Background: The aim of this study was to define prognostic parameters and guidelines for diagnosis and treatment for CD56+ hematological neoplasms with first presentation in the skin.
Patients and methods: The study group included 153 cases (23 new and 130 from the literature). According to the World Health Organization classification, the group included 15 nasal and 38 nasal-type natural killer (NK)/T-cell lymphomas, 63 blastic NK-cell lymphomas, 14 cutaneous CD30+ lymphoproliferations, 10 cases of myeloid leukemia, six cases of subcutaneous panniculitis-like T-cell lymphoma (SCPLTCL) and seven peripheral T-cell lymphomas, unspecified.

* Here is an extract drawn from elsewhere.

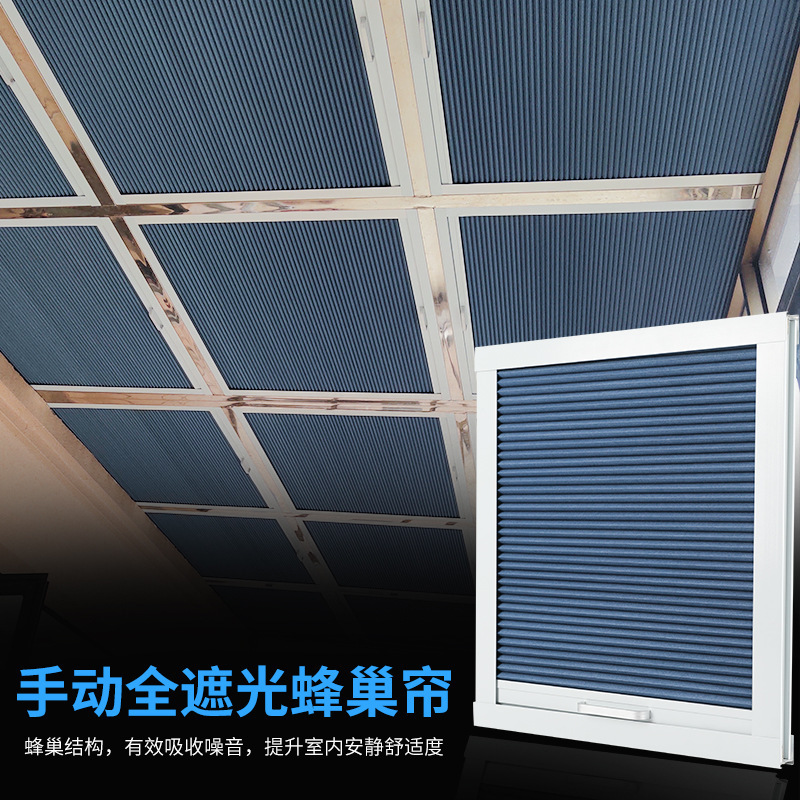 Skylight Glass Room Ceiling Electric Curtain Full Shading Sun Room Sunshade Ceiling Curtain Heat Insulation Sun Protection Honeycomb Sunshade Curtain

Results: In general, these CD56+ hematological neoplasms had a poor prognosis, with only 27% of patients alive after a median follow-up of 12 months. The median survival was 13 months. Nasal and nasal-type NK/T-cell lymphomas and CD56+ SCPLTCL had the worst prognosis, with a median survival of 5, 6 and 5 months, respectively. Only nasal-type NK/T-cell lymphomas presenting with only skin lesions had a somewhat better prognosis (median survival 27 months). In blastic NK-cell lymphomas (median survival 14 months), age </=40 years, aggressive treatment with acute leukemia protocols and high TdT expression were associated with a more favorable prognosis. Striking similarities in histology, immunophenotype, clinical presentation and clinical behavior were found between blastic NK-cell lymphomas and CD56+ myeloid leukemias.

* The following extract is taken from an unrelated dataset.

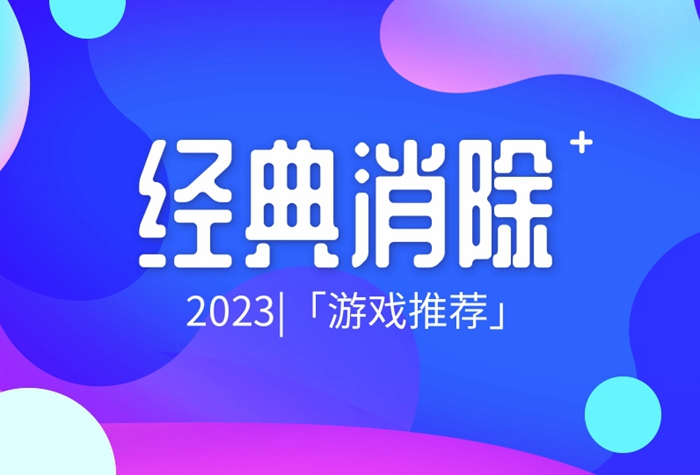 2023经典消除类游戏推荐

Conclusions: CD56+ hematological neoplasms presenting in the skin have a poor prognosis, except for primary cutaneous CD30+ lymphoproliferations. The striking similarities between blastic NK-cell lymphomas and CD56+ myeloid leukemias presenting in the skin provide a rationale to treat these patients with more aggressive regimens, rather than with CHOP(-like) regimens and radiotherapy, which have proven to be inadequate therapies for this neoplasm.